Местные власти больше всего озабочены тем, чтобы их прекрасные острова не потеряли своей прелести — ведь это главная ценность архипелага. Поэтому на Гавайях экология на первом месте. Только четыре процента территории отданы под застройку. Остальное — плантации сахарного тростника, кофе, местных орехов макадамия, орхидеевые цветники, фруктовые сады и просто нетронутая природа — горы, вулканы, ущелья, долины, пляжи. На островах практически нет промышленных предприятий. Даже выращенные здесь ананасы везут морем на калифорнийские консервные заводы. Гостиничные комплексы размещаются так, чтобы между ними оставалось достаточно места для одиноких романтических прогулок. К тому же повсюду, кроме столицы — Гонолулу, не разрешается строить небоскребы. Дома должны быть не выше кокосовых пальм. Являясь Америкой, Гавайи пестуют свою непохожесть на нее.
Туристический бум — следствие компромисса между научно-технической революцией и ненавистью к ее последствиям. Гавайи, как и в прошлом, стали убежищем от цивилизации, но убежищем цивилизованным — с роскошными отелями, дорогами, аэродромами (правда, в самом дорогом отеле нет телевидения и туда запрещают доставлять газеты). Коммерческая эксплуатация полинезийского мифа оказалась единственным способом его сохранить.
Конечно, в гавайском раю есть привкус киношной красоты. Но однажды мы с женой все же вкусили прелесть истинно первобытной жизни, отправившись из нашего «Хилтона» путешествовать по пляжу. Часа три мы шли по берегу, встречая по пути только песчаных крабов. Наконец голод и жажда заставили заскучать по киоску с хот-догами, отсутствие которых так радовало нас вначале. И тут я нашел кокосовый орех. Вспомнив прочитанное в детстве, мы стали ковырять скорлупу раковиной. Не тут-то было, кокос — не бутылка, и, чтоб откупорить его, потребовалось с полчаса колотить орех об острые камни. Зато, напившись кокосового молока и закусив мякотью ореха, мы гордо переглянулись — ведь это была еда, добытая собственными руками. Убедившись, что все необходимое Гавайские острова предоставляют нам бесплатно, мы пошли дальше. И если бы не преградившая дорогу скала, шли бы, наверное, до сих пор.
* Чтобы навсегда полюбить Гавайи, надо побывать на любом — за исключением переполненного Вайкики — пляже. Не изменившийся за несколько миллионов лет минималистский пейзаж, состоящий из песка, горизонта и одиночества, нельзя ни забыть, ни повторить.
* Самым экзотическим приключением на Гавайях, по-моему, является чудовищно извилистая дорога, огибающая остров Мауи.
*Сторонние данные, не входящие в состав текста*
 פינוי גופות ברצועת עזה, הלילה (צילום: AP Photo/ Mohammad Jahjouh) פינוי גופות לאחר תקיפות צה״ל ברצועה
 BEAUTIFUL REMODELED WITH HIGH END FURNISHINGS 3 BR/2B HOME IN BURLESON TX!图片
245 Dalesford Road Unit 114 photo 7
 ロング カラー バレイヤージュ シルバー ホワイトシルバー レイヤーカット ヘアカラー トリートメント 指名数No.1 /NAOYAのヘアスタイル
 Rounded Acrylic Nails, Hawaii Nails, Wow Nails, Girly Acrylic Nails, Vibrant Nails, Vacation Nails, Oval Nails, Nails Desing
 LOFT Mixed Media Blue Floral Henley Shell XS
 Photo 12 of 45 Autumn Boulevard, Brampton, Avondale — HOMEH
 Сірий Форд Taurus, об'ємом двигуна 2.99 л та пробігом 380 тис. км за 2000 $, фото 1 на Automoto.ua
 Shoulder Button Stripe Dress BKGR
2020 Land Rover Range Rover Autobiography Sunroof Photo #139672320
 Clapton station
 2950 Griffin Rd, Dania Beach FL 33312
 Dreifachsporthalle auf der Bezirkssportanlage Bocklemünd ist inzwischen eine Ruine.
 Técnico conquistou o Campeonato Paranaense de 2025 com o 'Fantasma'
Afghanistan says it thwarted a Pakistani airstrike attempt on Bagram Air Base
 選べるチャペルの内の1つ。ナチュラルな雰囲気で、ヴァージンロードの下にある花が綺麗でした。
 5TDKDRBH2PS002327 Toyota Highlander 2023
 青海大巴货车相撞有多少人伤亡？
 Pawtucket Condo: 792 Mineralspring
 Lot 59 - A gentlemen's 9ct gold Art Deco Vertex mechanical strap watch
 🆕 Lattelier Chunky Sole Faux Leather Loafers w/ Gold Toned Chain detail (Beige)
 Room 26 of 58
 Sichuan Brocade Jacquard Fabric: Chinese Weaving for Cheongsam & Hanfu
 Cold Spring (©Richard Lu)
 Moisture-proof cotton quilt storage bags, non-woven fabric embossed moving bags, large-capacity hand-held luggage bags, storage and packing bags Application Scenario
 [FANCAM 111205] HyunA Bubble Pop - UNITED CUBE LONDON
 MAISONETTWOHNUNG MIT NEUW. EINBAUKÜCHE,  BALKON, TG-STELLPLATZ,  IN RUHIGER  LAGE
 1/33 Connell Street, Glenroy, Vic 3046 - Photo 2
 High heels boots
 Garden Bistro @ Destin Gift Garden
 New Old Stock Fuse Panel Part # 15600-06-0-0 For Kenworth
Достаточно сказать, что именно здесь снимали наиболее жуткие кадры «Парка Юрского периода».
* При таком изобилии плодов и фруктов понятно, что приготовление пищи на Гавайях не отнимает много времени, особенно если вы умеете залезать на кокосовую пальму. Но тем, кто не хочет обходиться вегетарианской диетой, приходится ловить рыбу. С мясом хуже. Млекопитающие на островах представлены двумя видами — крыса и человек. И то и другое раньше шло в пищу. Однако сейчас с этим стало сложнее, поэтому на Гавайях человечина заменяется свининой. Чтобы отведать настоящий гавайский обед — «луау», — надо запастись терпением. Сейчас это традиционное пиршество устраивают на берегу моря при большом стечении народа. Главное блюдо, которое можно было бы назвать «бритая свинья с кирпичами», готовится следующим образом. Свинью потрошат, моют и бреют. После этого внутрь кладут раскаленные камни, покрывают листьями и зарывают тушу в землю. Потом вокруг нее танцуют часа четыре, пока обед готовится в подземной печке. Возможно, именно так приготовили погибшего на Гавайях капитана Кука. Кстати, только здесь мне открылась трагическая ирония, заключенная в имени прославленного мореплавателя. Впрочем, местные экскурсоводы уверяют, что Кука не съели, а только отделили его мясо от костей, сохранив последние для магических церемоний.
В самолете Нью-Йорк — Афины почти всех звали, как нас с женой, — Александрами и Иринами. Тезки, надо сказать, и вели себя по-русски. Шумно воспитывали детей, охотно выпивали, простодушно флиртовали со стюардессами, в неположенных местах курили, во всех остальных толпились. Но главное — зычно беседовали друг с другом.
Греческая речь чем-то неуловимым близка нашей. С точки зрения лингвистики это чепуха: фонетика у них настолько чужая, что непривычные ударения даже международные слова делают неузнаваемыми. И все же то и дело в уличном гвалте мне чудились слова родной речи, причем часто неприличные.